§ TASK DIRECTIONS
Return every line of the data below exactly, but do not include the images.

§ RAW DATA
'''

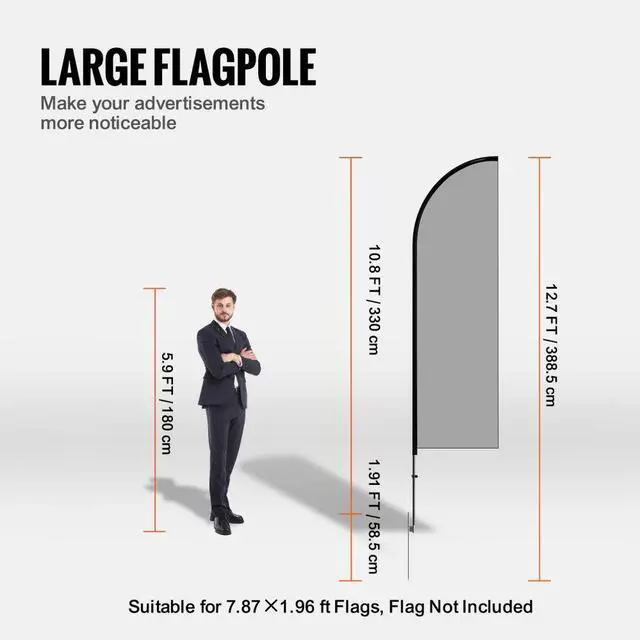 Alt view image 3 of 7 - VEVOR Feather Flag Pole Kit 2 Packs Swooper Flag Pole 12.7 ft with Ground Stakes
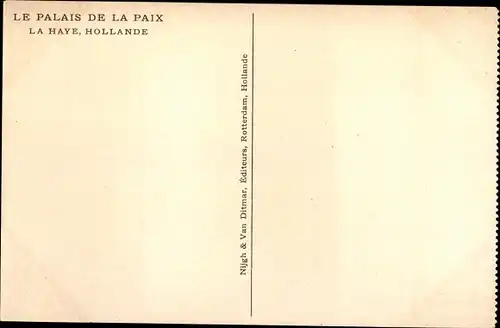 Ak La Haye Den Haag Südholland Niederlande, Le Palais de la Paix, De Wreedheid van den oorlog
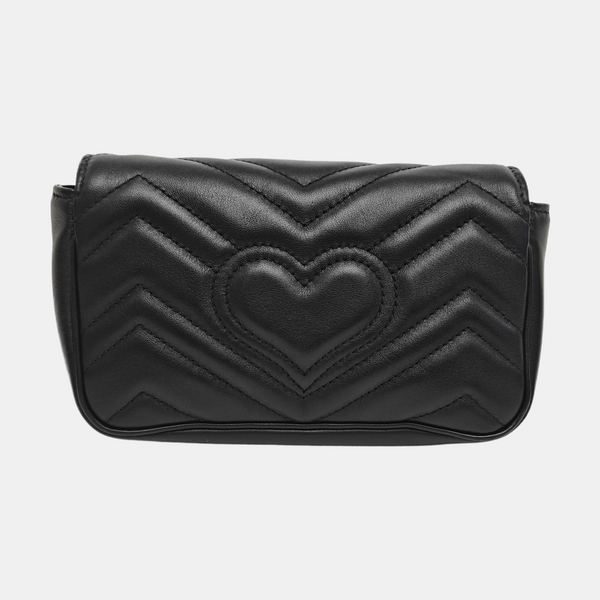 GG Marmont Mini Quilted Calfskin Black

'''

§ TASK RESULT
 Alt view image 3 of 7 - VEVOR Feather Flag Pole Kit 2 Packs Swooper Flag Pole 12.7 ft with Ground Stakes
 Ak La Haye Den Haag Südholland Niederlande, Le Palais de la Paix, De Wreedheid van den oorlog
 GG Marmont Mini Quilted Calfskin Black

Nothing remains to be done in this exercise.